Bernard Simon's neat straight question has been on Facebook since the time of quill pens:
What happens if village A says it wants to keep the bars open beyond midnight, but neighbouring village B complains that the late-night drinkers are disturbing the peace (and worse!) on their way home? Who should prevail?
After due obeisance, apologies, hara-kiri – forgive me Bernard that I was asleep on the job – here is your neat straight answer:
Just count the early sleepers in Village B and the late drinkers in Village A. If the differential is < 1:1.5 the protestors win but if it is >1:3 the status quo wins and between 1.5001 and 1.2999 Rule A applies Mondays to Wednesdays in winter time except months with an R while disputes are prohibited on Sunday provided that Village B pays penalties at a ratio of 2:1 when its people sneak to Village A's bar after 22.00 offset by a 31.6% levy on motorbikes over 500cc running at more than 3 000 revs.
Um, well, no. Sorry, Bernard, I'm indulging the standard ou who says (after two minutes of D2) "impossible, much too complicated". I know you're not saying that, but a corner of your mind suspects an obstacle-course at hand.
Actually, if you take the "the people rule" literally, and work everything back to that, nothing is complicated. That principle accommodates every conflict of laws and its foundation is always the same thing: this is people ruling, not leaders ruling.
People, or anyway majorities, want peace before they want a Bar Hours War. When leaders have declared a war you get chest-beating and support-our-boys. Asked over loudspeakers, with rhetoric and martial music and hard eyes watching for who is not looking keen, you can get war by acclaim. But if people choose one by one, alone in a polling booth, nobody looking over their shoulder, the option of being pulled away from earnings and spouse's bed and soccer practice and the TV couch to risk having your head blown off will always come second to the option of negotiations.

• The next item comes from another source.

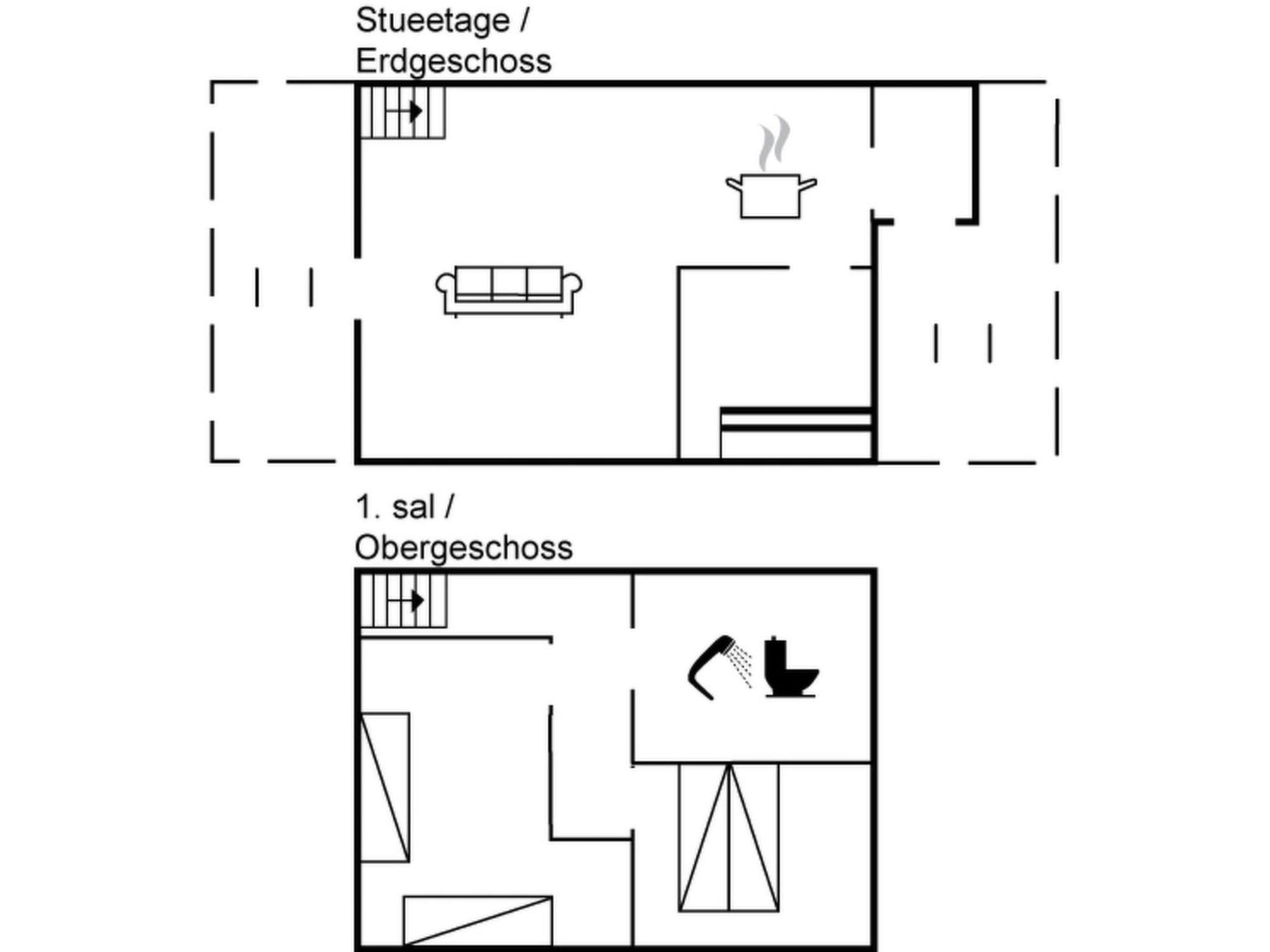 Apartment Maura - 2-3Km From The Sea In Western Jutland By Interhome Sønderby Екстериор снимка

That's all, Bernard. A ballot produces better decisions than a crowd. A million people picking a Big Man is bottom level ballot. A nuanced ballot – various leaders, easier recall, local clout – is up the scale. D2 is the next step higher; you're never a supplicant seeking permission to pursue your aims, you're your own small pin-point of power.
We know then about Village A and Village B that the argument proceeds by natural steps. If A's proposal offends B, B first makes representations and then if necessary makes its own rules, like speed traps or noise traps on its through roads. The more heated the issue gets the more new people play a role – people who never cared about bar-hours start caring about being inconvenienced, or being blamed for inconveniencing the other village. Dissidents get in touch, and investigate recalls. If the broader region is inconvenienced, it uses its powers in its own natural way, possibly penalising or threatening to penalise an obstructive village. All we can know is the only two things we need to know. First, the logic of the system amply permits the law in any one place at any one time to be knowable. Second, a law will exist precisely to the extent that its existence is a net plus to the people affected by it.
Bernard, thank you again for Echo. Echo is lifeblood to D2. All echo is great, but while the echo that says "right on" is warming, the echo that says "hey, but...?" gives growth. Merci!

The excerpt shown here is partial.